[GOAL OF THE EXERCISE]
Answer with the exact lines of the following material from the one containing "Актер Павел Харланчук" through the one containing "Self propelled scissor lift 1", both end lines included.
--------------------
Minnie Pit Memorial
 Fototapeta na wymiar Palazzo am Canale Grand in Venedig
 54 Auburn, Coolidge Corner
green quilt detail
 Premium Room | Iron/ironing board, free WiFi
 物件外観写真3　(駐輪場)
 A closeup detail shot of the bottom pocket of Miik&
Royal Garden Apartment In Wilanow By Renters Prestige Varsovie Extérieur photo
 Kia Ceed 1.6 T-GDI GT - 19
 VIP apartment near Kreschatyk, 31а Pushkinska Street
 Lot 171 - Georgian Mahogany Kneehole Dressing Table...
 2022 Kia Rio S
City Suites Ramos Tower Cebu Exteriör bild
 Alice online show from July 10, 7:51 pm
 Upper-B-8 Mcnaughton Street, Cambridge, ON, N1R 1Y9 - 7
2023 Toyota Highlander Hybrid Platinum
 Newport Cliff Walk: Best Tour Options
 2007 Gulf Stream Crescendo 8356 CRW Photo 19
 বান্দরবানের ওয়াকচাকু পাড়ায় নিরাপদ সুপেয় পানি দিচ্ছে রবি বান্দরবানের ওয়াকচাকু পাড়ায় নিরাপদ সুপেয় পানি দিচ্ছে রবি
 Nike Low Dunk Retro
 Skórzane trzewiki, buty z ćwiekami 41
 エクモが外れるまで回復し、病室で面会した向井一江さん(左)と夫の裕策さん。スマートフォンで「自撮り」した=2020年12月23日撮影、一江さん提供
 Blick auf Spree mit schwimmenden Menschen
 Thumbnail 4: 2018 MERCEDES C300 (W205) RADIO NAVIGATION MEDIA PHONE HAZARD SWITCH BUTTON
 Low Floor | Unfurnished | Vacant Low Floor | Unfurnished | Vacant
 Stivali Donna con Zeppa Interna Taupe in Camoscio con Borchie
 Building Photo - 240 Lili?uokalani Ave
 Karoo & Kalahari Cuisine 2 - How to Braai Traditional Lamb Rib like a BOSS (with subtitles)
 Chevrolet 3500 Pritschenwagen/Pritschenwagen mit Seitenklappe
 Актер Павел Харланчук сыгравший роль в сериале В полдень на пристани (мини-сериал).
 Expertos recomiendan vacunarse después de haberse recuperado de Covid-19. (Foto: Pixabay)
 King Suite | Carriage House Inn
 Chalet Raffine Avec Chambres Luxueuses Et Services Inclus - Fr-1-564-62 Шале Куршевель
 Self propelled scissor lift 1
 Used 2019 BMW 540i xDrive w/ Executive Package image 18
--------------------
[ANSWER SPACE]
 Актер Павел Харланчук сыгравший роль в сериале В полдень на пристани (мини-сериал).
 Expertos recomiendan vacunarse después de haberse recuperado de Covid-19. (Foto: Pixabay)
 King Suite | Carriage House Inn
 Chalet Raffine Avec Chambres Luxueuses Et Services Inclus - Fr-1-564-62 Шале Куршевель
 Self propelled scissor lift 1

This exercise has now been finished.